Reporting from the WOMMA Research Symposium

Day one of the Word of Mouth Marketing Association’s (WOMMA) Summit has come and gone. The day was dedicated solely to word of mouth (WOM) research.

There were two major recurring themes in today’s discussion:

1. Who are influencers and how to you judge their influence: The general consensus is that influencers are those that drive conversation. These are people who are highly persuasive and highly active, whether it is in a niche realm or with a general audience. There was no consensus on how to judge their influence. Some monitoring and research companies gauge influence with just backlinks to the individuals website, while others incorporate a plethora of factors such as attitude, knowledge, spending, behavior, status and connectedness.

My philosophy aligns more with the latter. I am a big proponent of looking at both quantitative and qualitative factors when gauging influence. This means looking at the individuals website traffic numbers, the quality of their writing, the activity level of their community, the intelligence of their community and their connections to other online networks or websites.

2. How do you prove return on investment (ROI) with WOM: Many of the experts in the room have grappled with this question for years. They are able to address ROI to an extent, but never entirely. One goal that actually came out of today is to work as a united group to develop a proper ROI model in an effort to improve WOM marketing as a whole. My company, Sports Media Challenge, will be one that takes an active role in the process moving forward.

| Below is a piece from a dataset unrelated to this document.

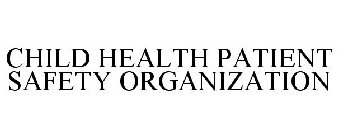 CHILD HEALTH PATIENT SAFETY ORGANIZATION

Several different models of depicting the value of word of mouth were discussed:

1. Customer Value Matrix: This model focuses on adding new customers while reducing marketing acquistion costs. It compares the value of customers who joined due to refferal vs. customers who would’ve joined anyway. It is important to note that both groups are seen as a positive. Even if an individual joined or purchased a consumer product because they would’ve anyway and not because of WOM, the company still saved on traditional marketing efforts.

2. Net Promoter Matrix: This model attempts to add customers while minimizing lost customers with WOM. They look at [positively referred consumers x number referred x conversion rate] and the same with negatively referred.

3. Social Value of Opinion: This looks at the acceleration effect, which involves focusing on people who are highly persuasive and highly active (influencers).

4. Conversation Value Model: This not only focuses on new customer purchases due to WOM, but how long consumers continue to recommend a product after their initial recommendation.

Most importantly, I came away from today reminded that WOM and social media in particular is fueled not by technology, but by relationships. Sure as social media users we use technology (blogs, Facebook, IM, Twitter…), but it is the relationships we develop with friends, colleagues and consumers that allows us to accomplish our goals.


2 Responses to “Reporting from the WOMMA Research Symposium”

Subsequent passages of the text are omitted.